> _Material for the task_
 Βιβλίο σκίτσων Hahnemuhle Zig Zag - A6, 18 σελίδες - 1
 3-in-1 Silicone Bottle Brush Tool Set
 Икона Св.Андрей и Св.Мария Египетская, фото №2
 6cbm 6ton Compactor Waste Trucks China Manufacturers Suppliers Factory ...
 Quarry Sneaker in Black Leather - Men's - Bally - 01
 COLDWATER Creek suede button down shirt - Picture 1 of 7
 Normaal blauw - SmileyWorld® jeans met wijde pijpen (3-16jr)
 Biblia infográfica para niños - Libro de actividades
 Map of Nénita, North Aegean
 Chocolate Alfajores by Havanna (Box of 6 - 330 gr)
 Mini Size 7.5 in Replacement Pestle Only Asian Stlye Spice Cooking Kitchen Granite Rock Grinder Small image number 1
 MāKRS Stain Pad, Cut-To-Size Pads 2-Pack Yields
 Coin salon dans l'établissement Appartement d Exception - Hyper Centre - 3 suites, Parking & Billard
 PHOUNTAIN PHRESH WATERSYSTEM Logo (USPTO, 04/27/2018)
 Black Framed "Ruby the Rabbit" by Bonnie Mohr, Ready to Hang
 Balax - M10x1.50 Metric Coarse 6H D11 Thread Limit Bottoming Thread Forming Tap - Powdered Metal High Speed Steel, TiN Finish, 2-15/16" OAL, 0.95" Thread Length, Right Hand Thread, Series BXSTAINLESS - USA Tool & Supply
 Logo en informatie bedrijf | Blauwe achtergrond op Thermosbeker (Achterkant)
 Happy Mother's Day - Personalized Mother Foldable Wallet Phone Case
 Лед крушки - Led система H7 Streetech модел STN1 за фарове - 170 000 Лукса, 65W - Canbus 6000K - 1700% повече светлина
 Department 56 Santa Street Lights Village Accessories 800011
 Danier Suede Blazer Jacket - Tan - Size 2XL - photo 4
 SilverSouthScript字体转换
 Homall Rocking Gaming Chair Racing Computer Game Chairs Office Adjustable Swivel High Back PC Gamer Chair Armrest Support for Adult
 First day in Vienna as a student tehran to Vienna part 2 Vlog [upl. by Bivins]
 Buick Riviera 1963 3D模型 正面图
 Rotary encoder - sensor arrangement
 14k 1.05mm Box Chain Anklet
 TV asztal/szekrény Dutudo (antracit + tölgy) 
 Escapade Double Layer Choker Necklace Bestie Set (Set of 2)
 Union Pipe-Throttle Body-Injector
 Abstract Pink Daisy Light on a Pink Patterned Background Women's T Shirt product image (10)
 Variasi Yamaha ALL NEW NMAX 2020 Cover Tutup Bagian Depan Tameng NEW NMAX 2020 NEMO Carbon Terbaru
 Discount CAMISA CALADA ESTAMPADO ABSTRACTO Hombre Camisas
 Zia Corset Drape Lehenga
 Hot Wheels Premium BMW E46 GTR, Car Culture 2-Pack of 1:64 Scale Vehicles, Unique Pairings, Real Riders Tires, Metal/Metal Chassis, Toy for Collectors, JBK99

> _Directions_
Each line of the entries where the string "Metal" occurs should be shown.

> _Completed exercise_
 Balax - M10x1.50 Metric Coarse 6H D11 Thread Limit Bottoming Thread Forming Tap - Powdered Metal High Speed Steel, TiN Finish, 2-15/16" OAL, 0.95" Thread Length, Right Hand Thread, Series BXSTAINLESS - USA Tool & Supply
 Hot Wheels Premium BMW E46 GTR, Car Culture 2-Pack of 1:64 Scale Vehicles, Unique Pairings, Real Riders Tires, Metal/Metal Chassis, Toy for Collectors, JBK99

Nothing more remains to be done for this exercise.